Proposed Underwater Electricity Cable for NYC

260-mile submarine transmission cable will bring 1,000 MW of power and 500 construction jobs

May 04, 2016

Empire State Connector Corp has filed an application with the Federal Energy Regulatory Commission ("FERC") for authority to negotiate agreements with customers for transmission service on a 260-mile long high voltage direct current ("HVDC") electric transmission line that will deliver 1,000 MW of energy and capacity directly into New York City from zero emission generating sources located in upstate New York. 

The project's cables will be routed primarily underwater in the Erie Canal and Hudson River and underground, where necessary, so that the project will have no visual impact. ESC has assumed the full market risk for the $1.5 billion construction cost resulting in no negative impact on ratepayers.

"Our strategic location and innovative, low impact route will "unlock" upstate renewable and ‎zero emission generators helping New York State achieve its ambitious goal of 50 percent renewable generation by 2030," said John Douglas, Empire State Connector Corp. Chief Executive Officer.

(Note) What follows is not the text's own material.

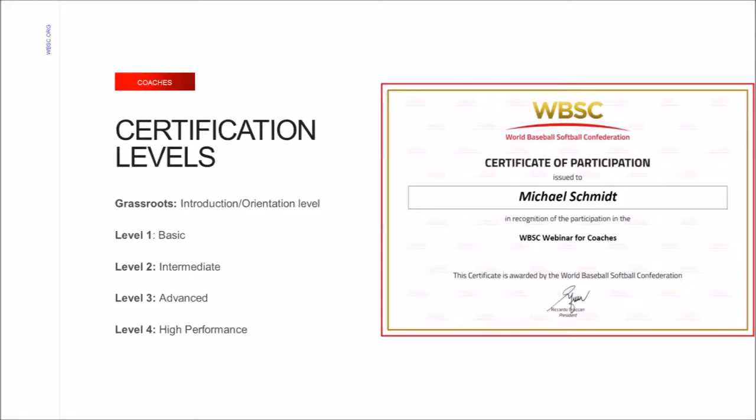The coach commission licensing program consists of five levels. Grassroots is an orientation for beginners, combined for baseball and softball. After completing the six modules, participants will be awarded a certificate of participation without a final exam. Level 1 is divided for baseball and softball, a basic level with an entry test and a final exam. Coaches who pass become WBSC level 1 certified, geared towards under-12 baseball coaches and under-15 softball coaches. Level 2, or intermediate, follows the same procedure, certifying coaches working with under-15 baseball and under-18 softball.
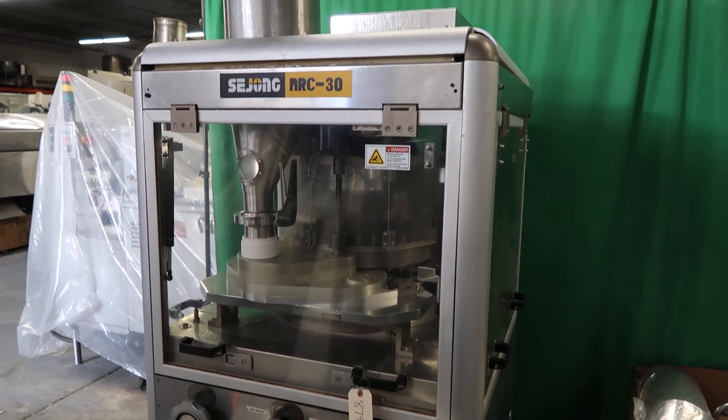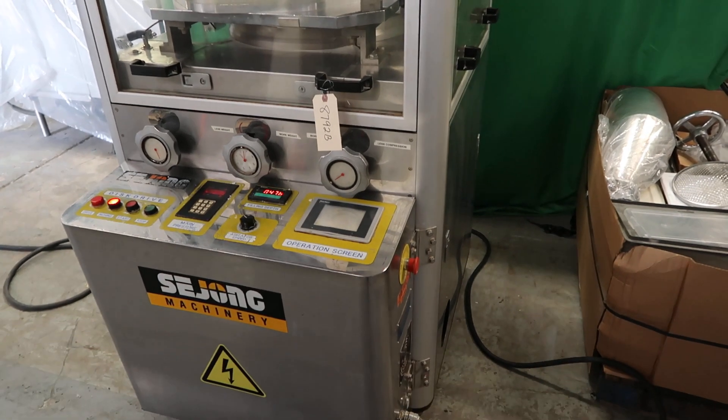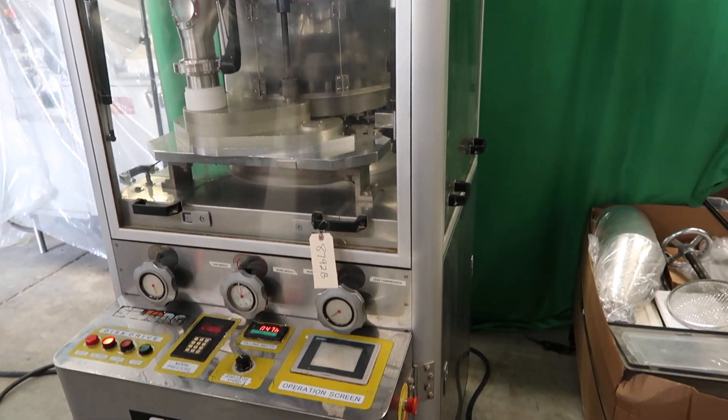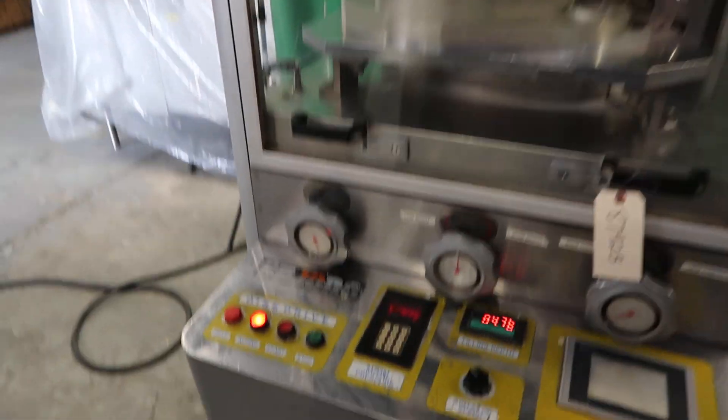This is the Seijon 30 station pre-compression rotary tablet press with detooling. Stock number 8792B. Available at Wohl Associates.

The project will be built under a Project Labor Agreement ("PLA") using New York State construction workers and labor unions affiliated with the New York State Building Trades utilizing environmentally-sensitive equipment and techniques. The HVDC submarine cable is manufactured specifically for the project and takes up to a year to manufacture.

It is anticipated the project will create more than 500 construction jobs and 1,200 indirect jobs during the three-to-four-year construction period. Each converter station is estimated to cost upwards of $200 million to construct. The target in-service date for the project is 2021.